Take, for example, How I Met Your Mother. It’s not a show that’s without faults – I’d direct you to Cat Valente’s excellent take-down of the shows central premise – but for a considerable period of time it managed to be funny and geeky and not treat it’s audience like idiots. I can point you to precisely the moment it became a show I looked forward to, rather than this thing I happened to watch, which is right about the point in the second season where they closed an episode with Marshal slapping Barney well after the  Slap Bet episode where the joke was set-up. It was simple and beautifully done. Slap. “That’s two.” Done. No references to the Slap Bet to set things up, no flash-backs to the previous episode, just the show writers  trusting you to remember something that happened earlier in the seasons and get the joke.

Nothing appeals to me more than writers assuming I’m not an idiot. It’s the thing that, say, The League of Extraordinary Gentlemen movie got wrong, because ever time they made that kind of reference the writer’s were sitting next to you, nudging you in the ribs, going “hey, we mentioned Phineas Fog, from Around the World in Eighty Days, get it? Get it? We’re being metatextual here.”

Metatext doesn’t work when you say you’re being metatextual. It just annoys the fuck out of people. In this respect, I can point to them moment when I realised How I Met Your Mother stopped being a show I really looked forward to, and became just another show I watch when it’s on. It’s called the second Slapsgiving episode (If they do a third Slapsgiving, the show will join the ranks of shows officially be dead to me, and I will be happy with the two enjoyable season, one okay season, and one sub-par season I’ve seen thus far).

There’s a sliding scale on all these things.

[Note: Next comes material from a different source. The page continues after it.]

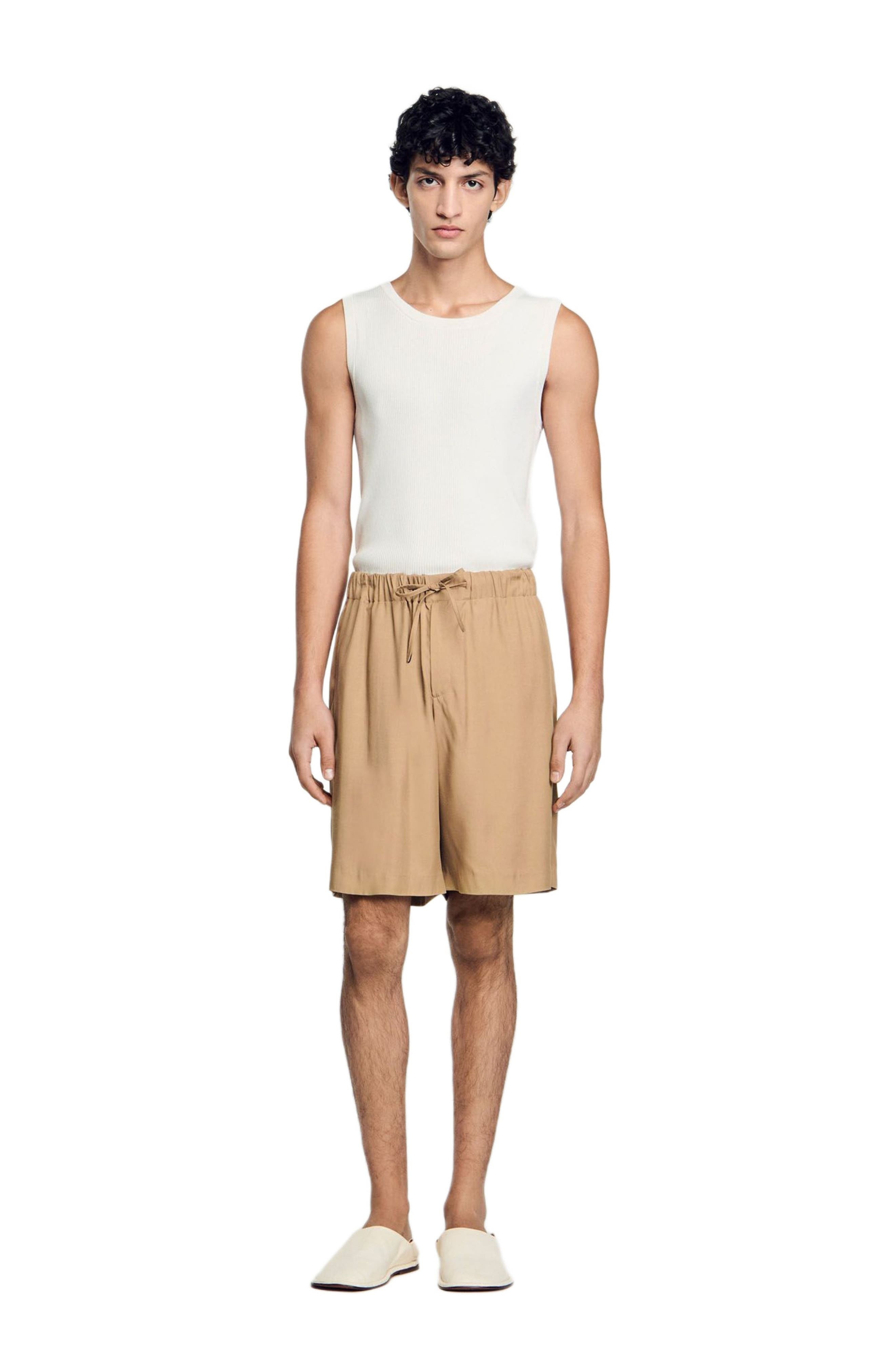 SANDRO Floaty Bermuda shorts in Nut at Nordstrom - 6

I find Big Bang Theory‘s underlying narratives abhorrent, for example, but I’ll still watch it because it’s doing something mildly more interesting with the same core theme than, say, Everybody Loves Raymond or Two and a Half Men.

There are also different kinds of audiences – not everyone enjoys metatext as much as I do, nor do they sit there chanting interrogate your fucking theme, you fuckers when shows get particularly annoying. I have no problems with shows pitching to a particular audience, but I reserve the right to get annoyed when they start pandering to them.

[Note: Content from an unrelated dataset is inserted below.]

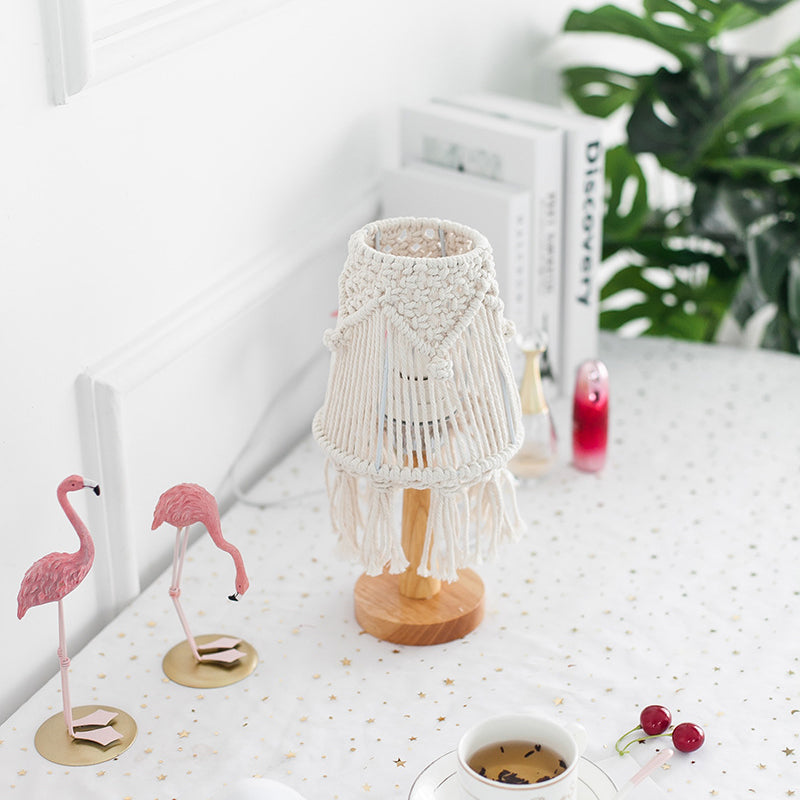 Poe Stripe Macrame Desk Lamp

There are no good sitcoms. Sitcoms are inherently limited by their format. These aren’t arguments, they’re an admission of defeat. They’re willing acknowledging that we expect so little from our entertainment that the only real response is to shrug and kill off a few more braincells in the hopes that one day we’ll see movies the same way whatever those mythical test-audiences who kill anything smart do.

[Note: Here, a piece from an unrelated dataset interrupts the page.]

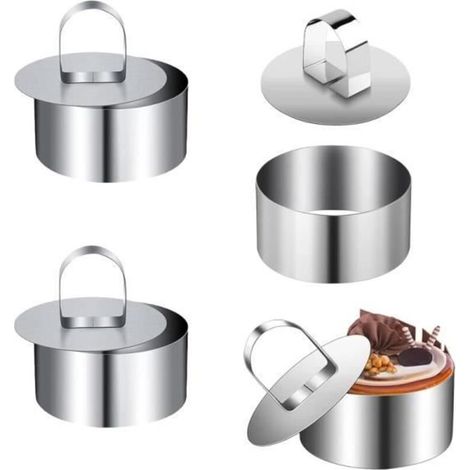 4-teiliges Set Aus Edelstahl-gebäckringen, Ausstechformen Für Desserts, Kekse, Gebäck Und Kuchen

I’d ask you to stop being part of the fucking problem and start engaging. Acknowledge the problems with individual narratives, individual shows, individual characters, instead of writing off entire genres. Find smart people who love the genre and ask their recommendations (this, coincidentally, is how I found romance writer Georgette Heyer, who is mindblowingly fucking awesome).

Quality is not mediated by genre, nor is the ability to create smart and interesting narrative. The *willingness* to pitch smart narrative, sure, but that’s the writer’s choice when faced with the audience, just as it’s mine to watch and say hey, man, this shit isn’t on, in the hopes that if enough people say it loudly enough, one day things will change.

To argue otherwise is to mire you in the kind of close-mindedness you’re trying to rail again when you condemn the genre as a whole.